[Crawled caption data]
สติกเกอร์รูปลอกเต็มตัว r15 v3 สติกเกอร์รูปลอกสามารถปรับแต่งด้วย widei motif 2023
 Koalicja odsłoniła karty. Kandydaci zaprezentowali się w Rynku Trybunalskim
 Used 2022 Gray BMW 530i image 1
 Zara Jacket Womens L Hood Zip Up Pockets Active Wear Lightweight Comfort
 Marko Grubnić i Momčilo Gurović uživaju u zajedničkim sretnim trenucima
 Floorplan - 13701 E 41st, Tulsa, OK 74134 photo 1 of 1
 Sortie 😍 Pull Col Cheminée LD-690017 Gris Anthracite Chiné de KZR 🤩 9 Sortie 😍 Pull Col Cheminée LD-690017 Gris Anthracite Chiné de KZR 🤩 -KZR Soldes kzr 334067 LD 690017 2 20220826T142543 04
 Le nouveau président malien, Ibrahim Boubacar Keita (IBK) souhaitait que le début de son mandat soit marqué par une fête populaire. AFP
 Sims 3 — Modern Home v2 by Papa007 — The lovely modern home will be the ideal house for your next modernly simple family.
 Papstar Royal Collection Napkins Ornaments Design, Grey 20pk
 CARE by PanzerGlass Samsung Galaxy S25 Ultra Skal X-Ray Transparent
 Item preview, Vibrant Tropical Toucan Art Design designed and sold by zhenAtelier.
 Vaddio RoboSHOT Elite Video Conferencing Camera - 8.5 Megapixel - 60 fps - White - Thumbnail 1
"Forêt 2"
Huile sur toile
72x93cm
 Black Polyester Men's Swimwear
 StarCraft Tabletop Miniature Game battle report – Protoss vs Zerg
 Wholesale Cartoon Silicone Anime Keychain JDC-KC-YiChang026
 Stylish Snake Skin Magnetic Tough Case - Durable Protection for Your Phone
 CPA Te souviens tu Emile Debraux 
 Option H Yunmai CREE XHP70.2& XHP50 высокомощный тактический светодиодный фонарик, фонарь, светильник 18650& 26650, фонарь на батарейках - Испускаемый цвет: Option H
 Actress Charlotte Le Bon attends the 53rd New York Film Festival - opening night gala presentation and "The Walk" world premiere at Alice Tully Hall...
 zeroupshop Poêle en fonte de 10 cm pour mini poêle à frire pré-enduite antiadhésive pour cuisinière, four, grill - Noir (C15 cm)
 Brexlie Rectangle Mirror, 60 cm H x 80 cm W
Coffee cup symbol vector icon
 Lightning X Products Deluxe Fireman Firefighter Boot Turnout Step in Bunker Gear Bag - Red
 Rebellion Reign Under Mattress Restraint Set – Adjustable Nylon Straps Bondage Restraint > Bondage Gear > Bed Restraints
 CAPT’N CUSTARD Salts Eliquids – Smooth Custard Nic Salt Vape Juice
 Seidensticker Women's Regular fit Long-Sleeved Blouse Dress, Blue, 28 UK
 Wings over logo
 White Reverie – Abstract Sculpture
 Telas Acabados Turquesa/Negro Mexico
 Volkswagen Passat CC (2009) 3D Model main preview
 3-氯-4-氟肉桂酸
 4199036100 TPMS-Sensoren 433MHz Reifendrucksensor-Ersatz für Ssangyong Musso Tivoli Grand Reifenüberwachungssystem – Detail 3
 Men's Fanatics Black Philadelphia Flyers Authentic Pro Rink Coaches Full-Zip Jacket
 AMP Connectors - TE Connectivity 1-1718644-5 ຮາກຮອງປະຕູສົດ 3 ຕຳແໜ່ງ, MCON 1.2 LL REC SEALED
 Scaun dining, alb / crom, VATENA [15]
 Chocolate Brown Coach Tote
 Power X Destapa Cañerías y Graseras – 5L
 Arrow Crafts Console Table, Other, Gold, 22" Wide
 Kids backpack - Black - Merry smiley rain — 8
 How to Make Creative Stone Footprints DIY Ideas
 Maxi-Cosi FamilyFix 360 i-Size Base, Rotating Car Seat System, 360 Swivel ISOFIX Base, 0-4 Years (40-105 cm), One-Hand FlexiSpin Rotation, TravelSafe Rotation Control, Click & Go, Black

■ PROBLEM DESCRIPTION: Scan the records above for the word "Black". Copy each line that has it.

■ ANSWER TO THIS PROBLEM:
 Black Polyester Men's Swimwear
 Men's Fanatics Black Philadelphia Flyers Authentic Pro Rink Coaches Full-Zip Jacket
 Kids backpack - Black - Merry smiley rain — 8
 Maxi-Cosi FamilyFix 360 i-Size Base, Rotating Car Seat System, 360 Swivel ISOFIX Base, 0-4 Years (40-105 cm), One-Hand FlexiSpin Rotation, TravelSafe Rotation Control, Click & Go, Black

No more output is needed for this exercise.